** Your goal **
When you reproduce the data, keep every word exactly as it stands and leave the pictures out.

** Available records **
########

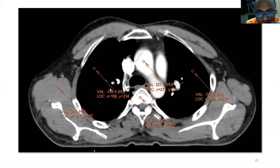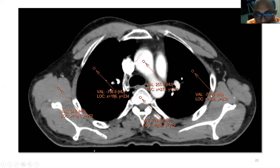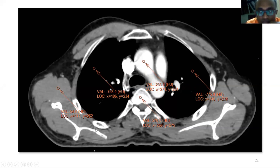How to measure Hounsfield unit: if you have a picture archiving communication system (PACS), you take the CT and just drag the measurement tool. You can see the contrast area is around 255, lung is minus 775, bone is around 270, and other structures have their own values. You can measure Hounsfield units in various structures in the brain as well.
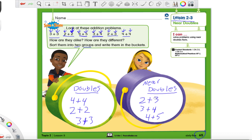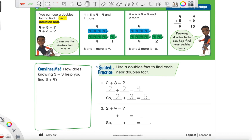So let's go ahead and turn to page 66. We're going to try some near doubles facts on our own and see how doubles facts can help us solve near doubles. We have the little boy from the page before telling us about some doubles facts and near doubles facts. And we're going to start with this little green box over here that says 'convince me.' It says: how does knowing 3 plus 3 help you find 3 plus 4?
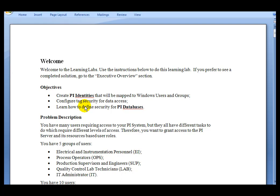Welcome to this Learning Lab. My name is Pablo Benvenuto, and in this Learning Lab we'll demonstrate the features of the new PI Server with Windows Integrated Security.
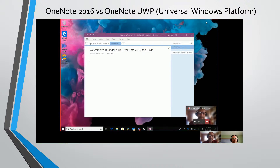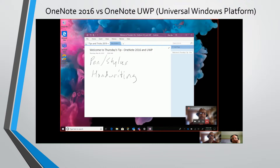Happy to be here, Dan. So the OneNote team has a long-term plan to retire the OneNote 2016 app and replace it with the OneNote UWP app on Windows. They work pretty similar, and you can use them side-by-side, which is a good idea so that you can get familiar with the new UWP experience. There are a few things that are a little different, but using them side-by-side will help you make a gradual transition. So that's what I'm going to show you here.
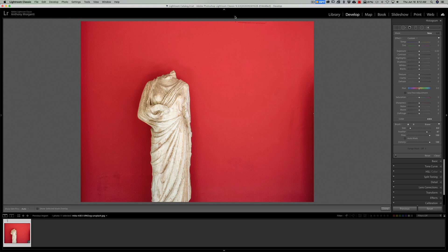When you use a local adjustment tool such as the graduated filter, the radial filter, or in this case the brush, if you paint on an image, you have the option of having an overlay there so you can see where you're painting.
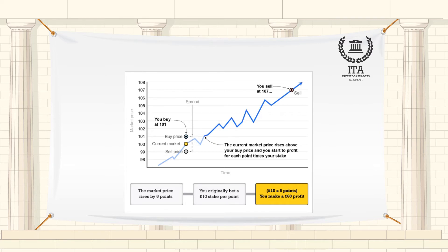Every point that moves in your favor results in a win in multiples of your stake, and every point against you results in a loss of multiples of your stake. If you think an asset will rise in value, then you buy the spread bet and aim to sell it at a higher price. This is known as going long.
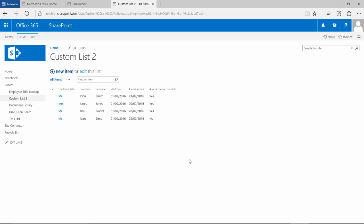Hello, in this video we're going to have a look at how to create a new view in our SharePoint custom list and some of the benefits of that.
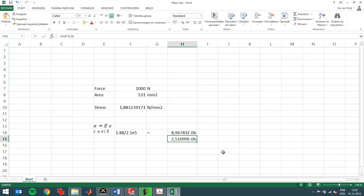So that was a look at the strain and the Poisson's effect in SOLIDWORKS Simulation. Thanks for watching.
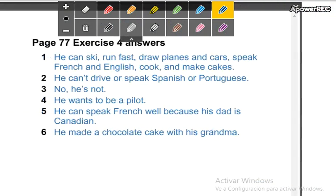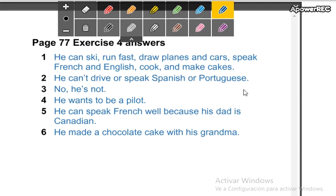Here I have the answers. Number one: he can ski, run fast, draw planes and cars — draw, by the way, means dibujar — speak French and English, cook and make cakes. He can't drive or speak Spanish or Portuguese. The pronunciation is Portuguese, not Portugues.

########

** Your response **
How to measure Hounsfield unit: if you have a picture archiving communication system (PACS), you take the CT and just drag the measurement tool. You can see the contrast area is around 255, lung is minus 775, bone is around 270, and other structures have their own values. You can measure Hounsfield units in various structures in the brain as well.
So let's go ahead and turn to page 66. We're going to try some near doubles facts on our own and see how doubles facts can help us solve near doubles. We have the little boy from the page before telling us about some doubles facts and near doubles facts. And we're going to start with this little green box over here that says 'convince me.' It says: how does knowing 3 plus 3 help you find 3 plus 4?
Welcome to this Learning Lab. My name is Pablo Benvenuto, and in this Learning Lab we'll demonstrate the features of the new PI Server with Windows Integrated Security.
Happy to be here, Dan. So the OneNote team has a long-term plan to retire the OneNote 2016 app and replace it with the OneNote UWP app on Windows. They work pretty similar, and you can use them side-by-side, which is a good idea so that you can get familiar with the new UWP experience. There are a few things that are a little different, but using them side-by-side will help you make a gradual transition. So that's what I'm going to show you here.
When you use a local adjustment tool such as the graduated filter, the radial filter, or in this case the brush, if you paint on an image, you have the option of having an overlay there so you can see where you're painting.
Every point that moves in your favor results in a win in multiples of your stake, and every point against you results in a loss of multiples of your stake. If you think an asset will rise in value, then you buy the spread bet and aim to sell it at a higher price. This is known as going long.
Hello, in this video we're going to have a look at how to create a new view in our SharePoint custom list and some of the benefits of that.
So that was a look at the strain and the Poisson's effect in SOLIDWORKS Simulation. Thanks for watching.
Here I have the answers. Number one: he can ski, run fast, draw planes and cars — draw, by the way, means dibujar — speak French and English, cook and make cakes. He can't drive or speak Spanish or Portuguese. The pronunciation is Portuguese, not Portugues.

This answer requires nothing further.